For Immediate Release:
June 16, 2022

In April 2022, the Federal Subsistence Board (Board) adopted Fisheries Proposal FP21-10 to expand the Federal subsistence fishery for salmon into the lower Copper River. On May 19, 2022, the Board adopted Temporary Special Action FSA22-05 which allows the new fishery to open on June 1 for the 2022 season. This fact sheet addresses common questions and concerns about the new fishing opportunity.

Last edited 06/16/2022
Contact Information
Wrangell St. Elias National 
Park and Preserve Superintendent
(907) 822-5234




  1. Why did the Board establish this fishery?

Cordova residents have limited opportunity to harvest Sockeye and Chinook salmon under Federal subsistence regulations.
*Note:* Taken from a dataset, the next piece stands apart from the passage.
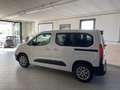 Fiat Doblo Passo Corto 1.5 d 100cv - KM ZERO - thumbnail 15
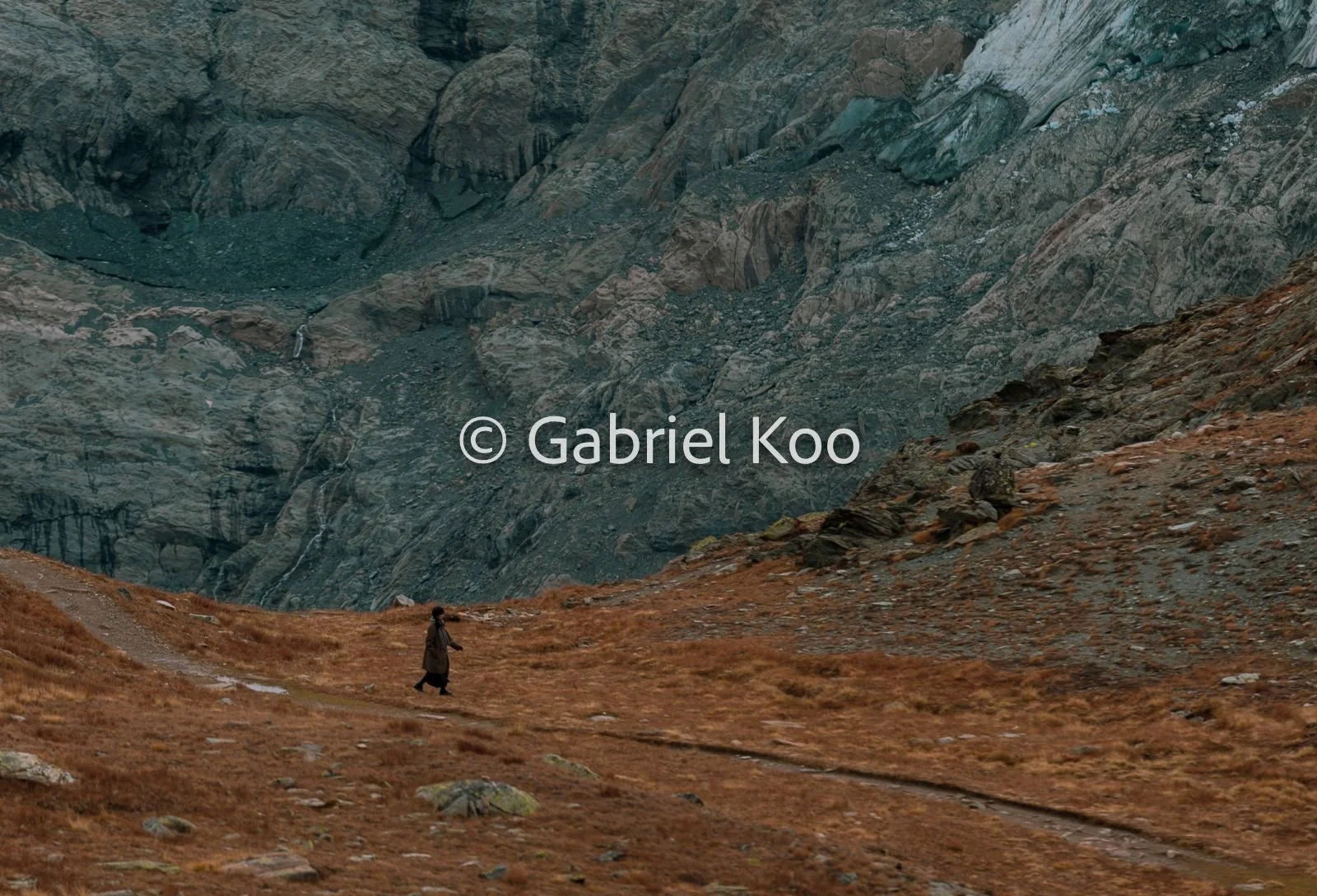 WhatsApp Image 2026-02-19 at 16.16.50 (2).jpg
The Federal Subsistence Board adopted Fisheries Proposal FP21-10 at its April 2022 meeting to provide meaningful access and subsistence opportunity for the rural residents of Cordova, citing the rural preference stated in Title VIII of ANILCA and the limited number of fish predicted to be harvested by this fishery.

  1. Why did the Board enact this Temporary Special Action?

A Temporary Special Action is necessary because the newly adopted regulation will not be published in the Federal Register in time for the June 1 start date of this year’s fishery. This Special Action enacts temporary regulations to open the fishery and delegates management authority to the Wrangell-St. Elias National Park and Preserve Superintendent for the 2022 season.

  1. How long will this Temporary Special Action be in effect?

The Temporary Special Action and delegation letter will expire upon publication of the regulations for the new Federal subsistence fishery in the Lower Copper River in the Federal Register. The regulations are expected to be published later this season.

  1. Exactly where does this new Federal fishery take place?

This fishery will take place within the Lower Copper River Area, defined as the area ½ mile above and ½ mile below the Copper River Highway, from the west bank near Mile 27 of the highway to the east bank of the Copper River near Mile 38 (see Figure 1).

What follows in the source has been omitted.